DATA FOR THIS TASK:
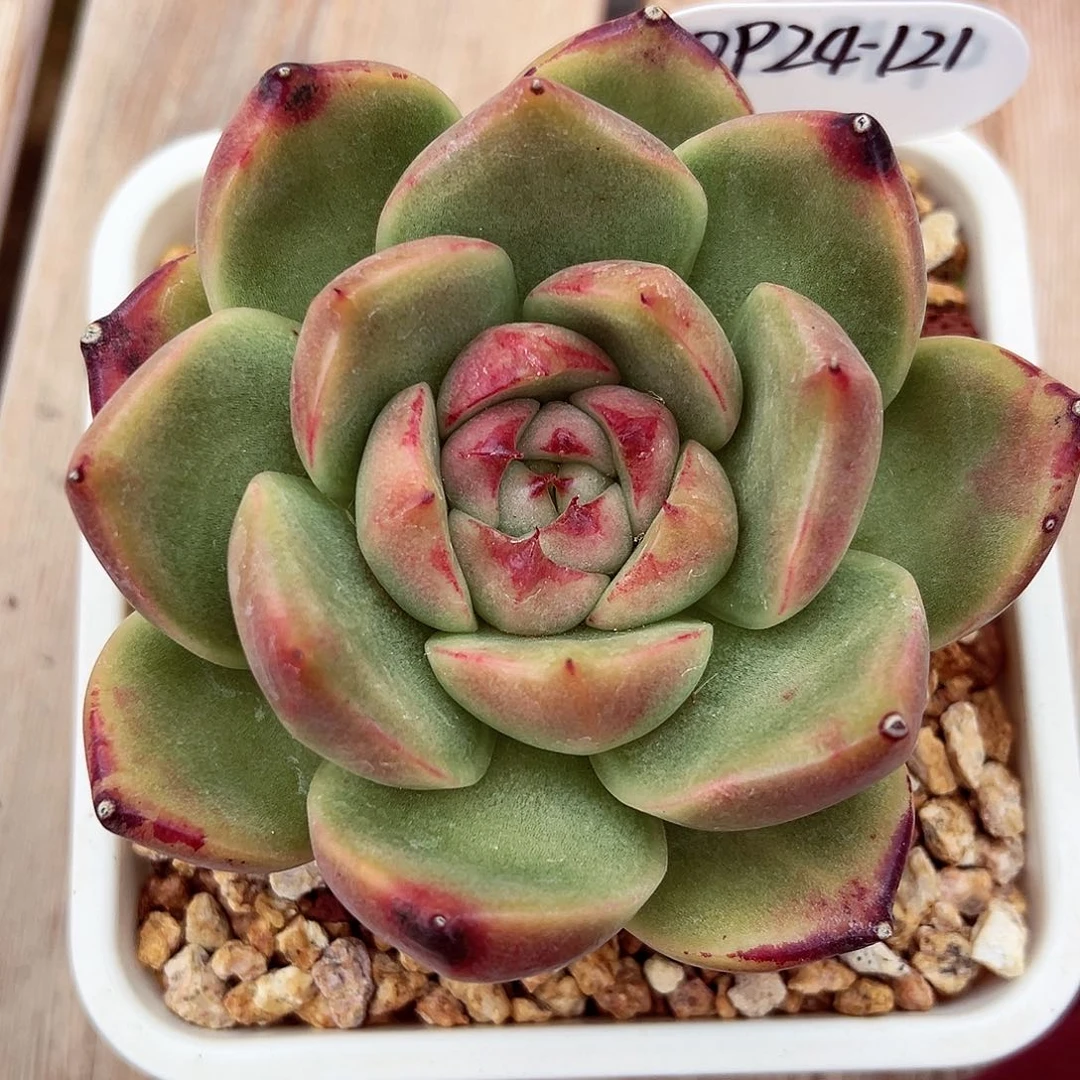 0924-121澳洲巴松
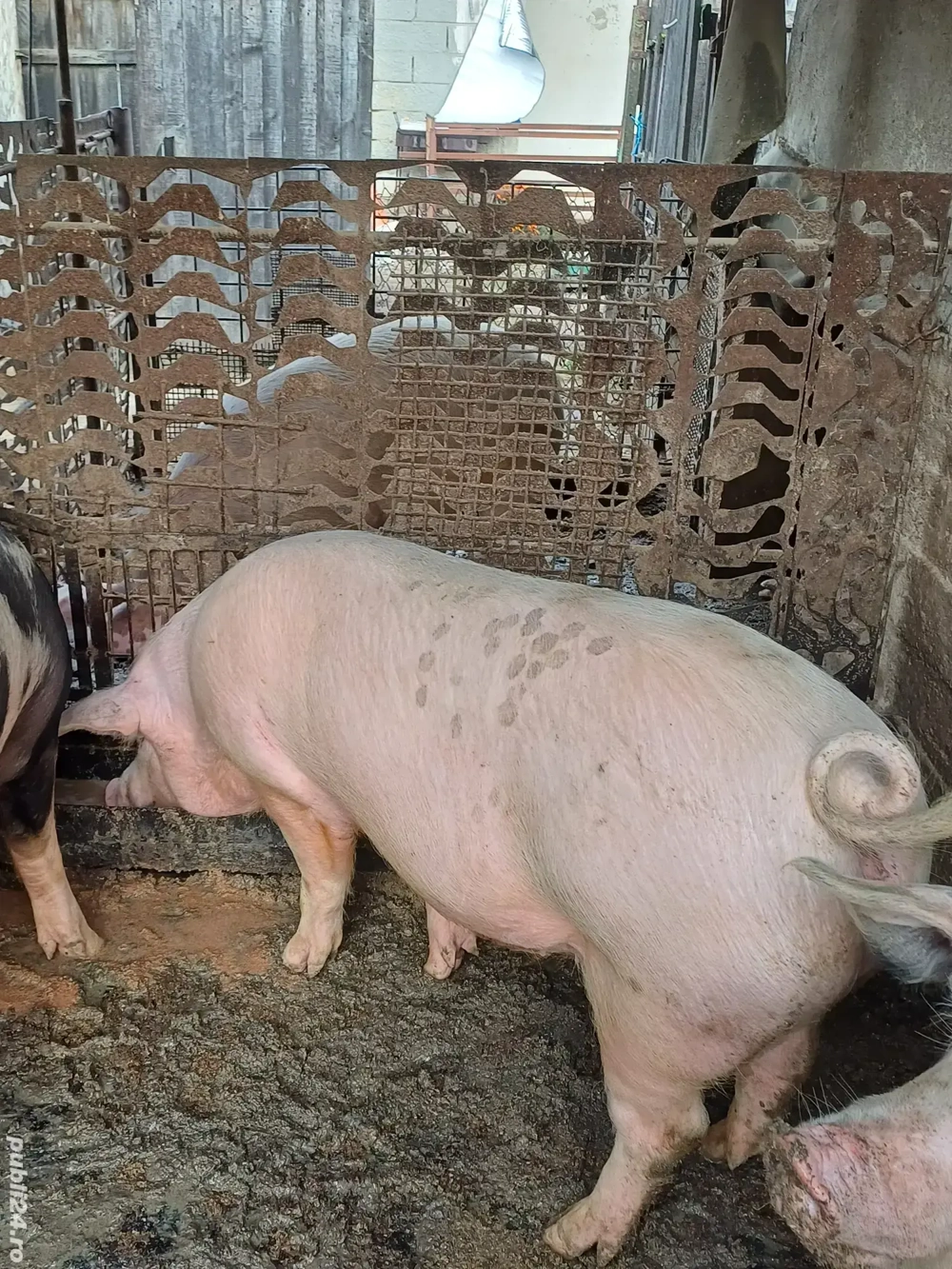 vând 5 porci de țără  crescuți de mine 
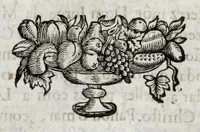 Picture 30 of 38 from Primeira[-quarta] parte da historia de S. Domingos : particular do reino e conquistas de Portugal (1623), leaf 496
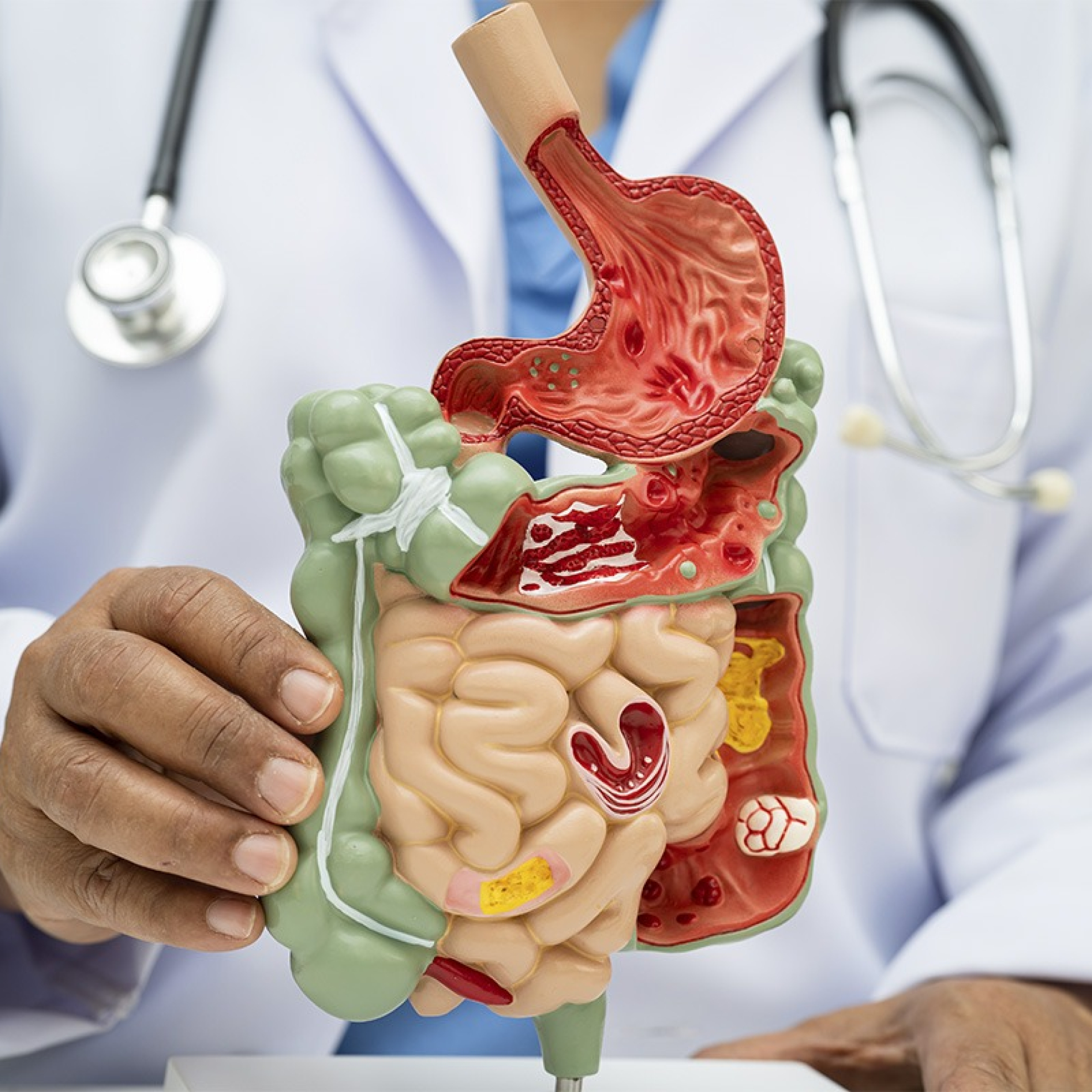 PiSA_Dia_Mundial_Salud_digestiva_02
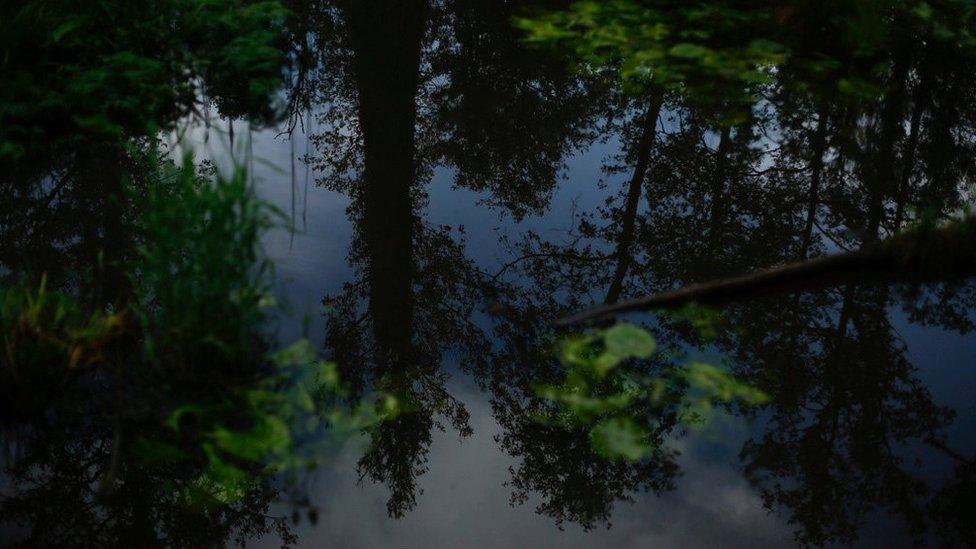 Poland's ancient Bialowieza Forest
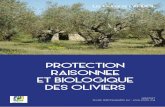 PROTECTION RAISONNEE ET BIOLOGIQUE DES …€¦ · 5 L’olivier est un arbre typiquement méditerranéen. Il est adapté à des étés chauds et secs, des intersaisons douces et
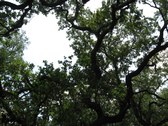 Enlarge photo 30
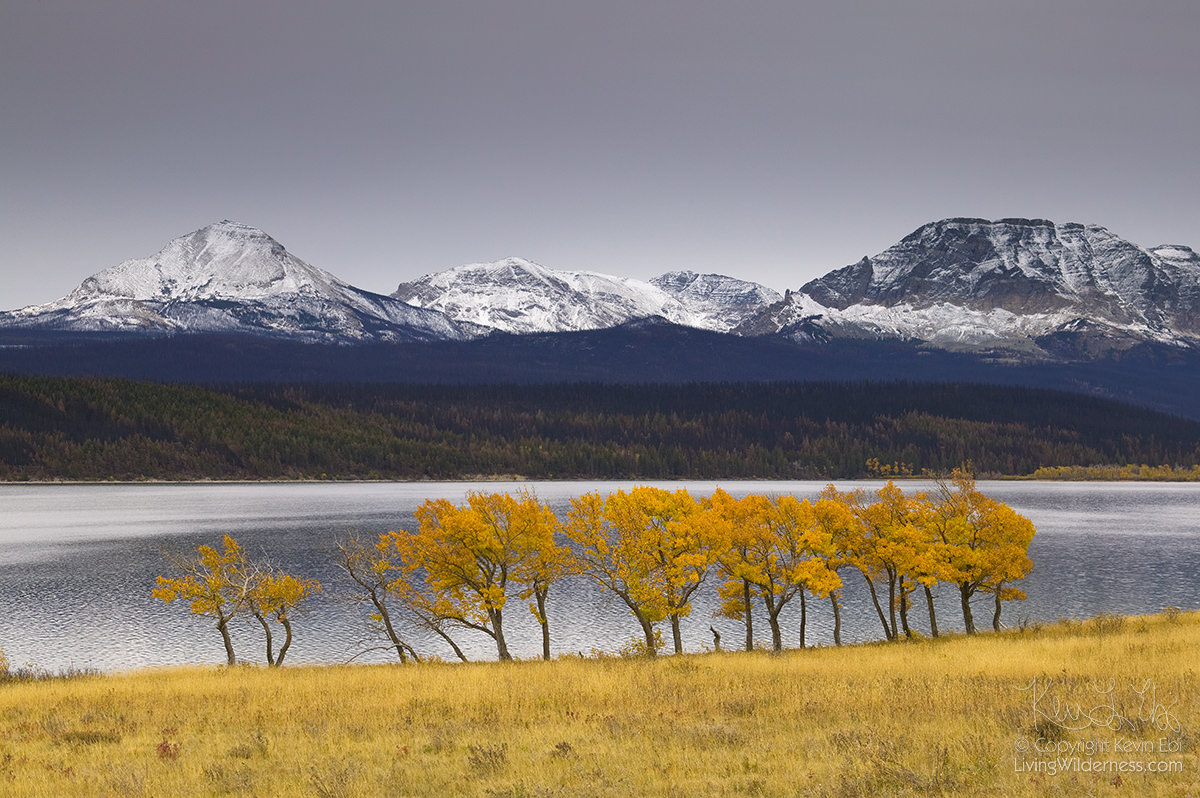 Fall Color and First Snow, St. Mary Lake, Glacier National Park, Montana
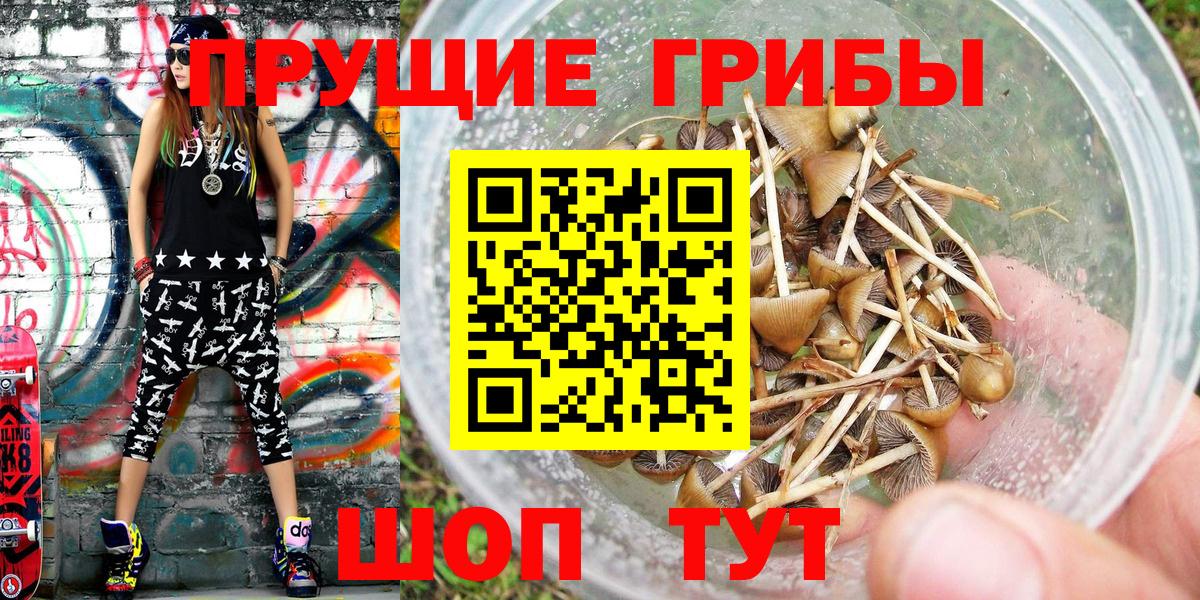 Галлюциногенные грибы Cubensis  Вход с VPN  Псилоцибиновые грибы прущие грибы  где купить наркоту  Мытищи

WORK REQUEST:
A verbatim copy of the data, free of pictures, is the expected answer.

EXERCISE RESPONSE:
 0924-121澳洲巴松
 vând 5 porci de țără  crescuți de mine 
 Picture 30 of 38 from Primeira[-quarta] parte da historia de S. Domingos : particular do reino e conquistas de Portugal (1623), leaf 496
 PiSA_Dia_Mundial_Salud_digestiva_02
 Poland's ancient Bialowieza Forest
 PROTECTION RAISONNEE ET BIOLOGIQUE DES …€¦ · 5 L’olivier est un arbre typiquement méditerranéen. Il est adapté à des étés chauds et secs, des intersaisons douces et
 Enlarge photo 30
 Fall Color and First Snow, St. Mary Lake, Glacier National Park, Montana
 Галлюциногенные грибы Cubensis  Вход с VPN  Псилоцибиновые грибы прущие грибы  где купить наркоту  Мытищи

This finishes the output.